> THE PROBLEM
Your job is to return the whole listing unchanged while skipping its images.
---- EXERCISE MATERIALS
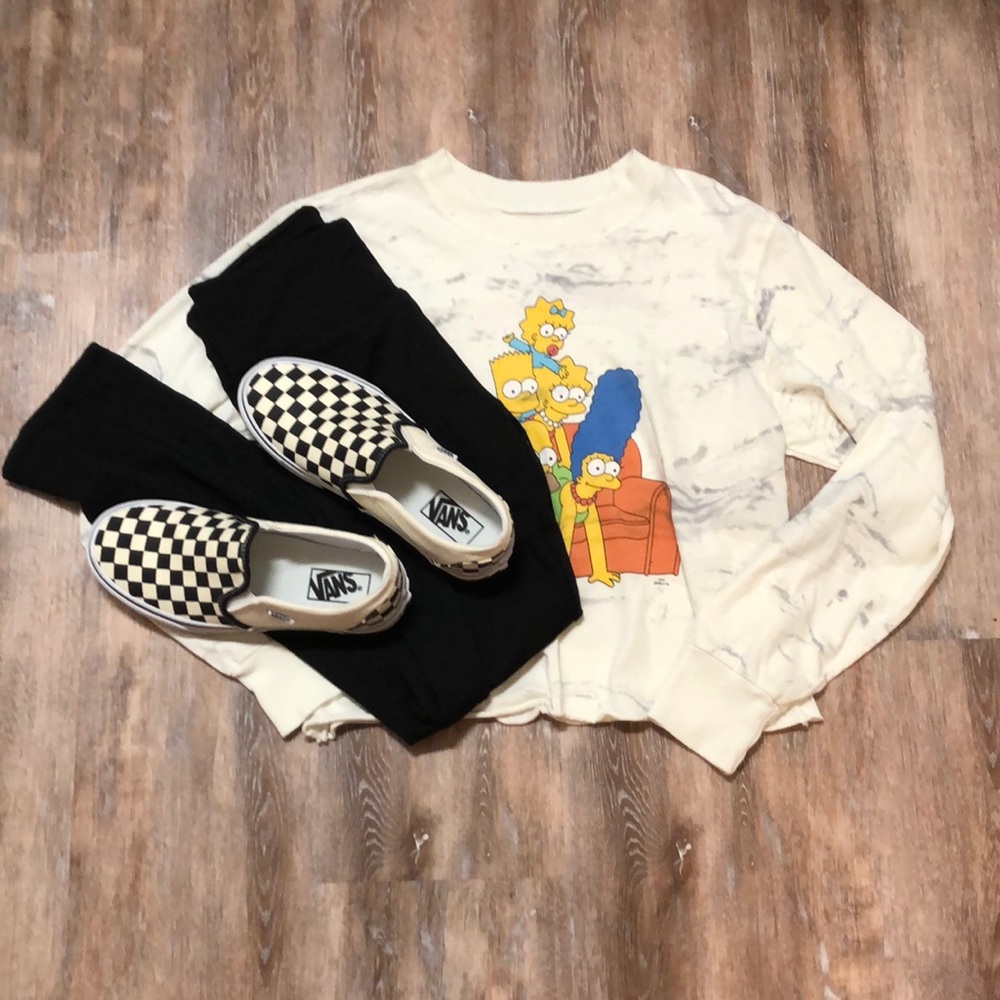 White graphic long sleeve Simpsons tee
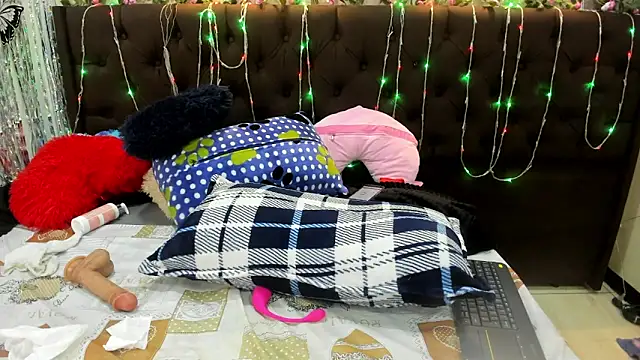 HottCandy21 online show from 02.12.25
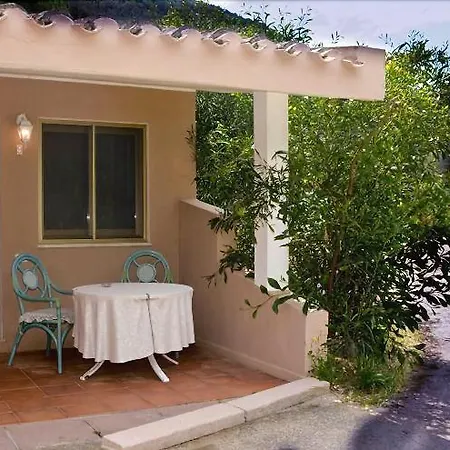 L'oleandro מלון 3*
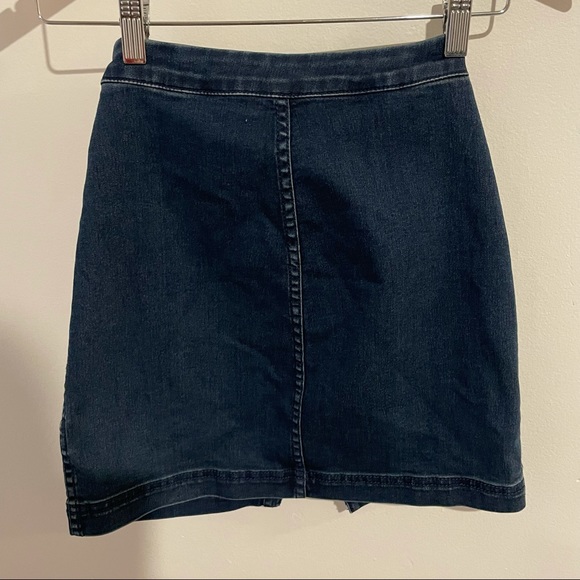 Free People Zipper Front Dark Wash Denim Mini Skirt Sz 2 - Picture 4 of 6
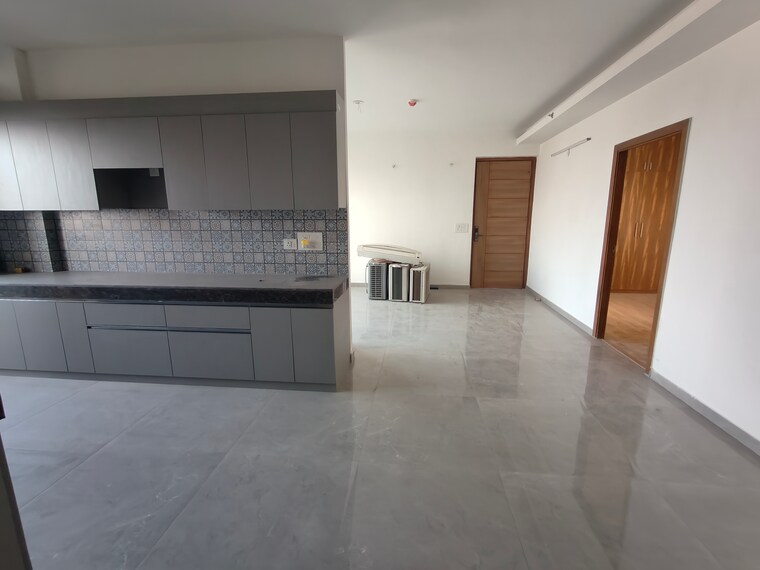 Kitchen, tulip-yellow 3 Bedroom 1704 Sq.Ft. Apartment In Sector 69 Gurgaon 9684203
--------
> ANSWER TO THE EXERCISE
 White graphic long sleeve Simpsons tee
 HottCandy21 online show from 02.12.25
 L'oleandro מלון 3*
 Free People Zipper Front Dark Wash Denim Mini Skirt Sz 2 - Picture 4 of 6
 Kitchen, tulip-yellow 3 Bedroom 1704 Sq.Ft. Apartment In Sector 69 Gurgaon 9684203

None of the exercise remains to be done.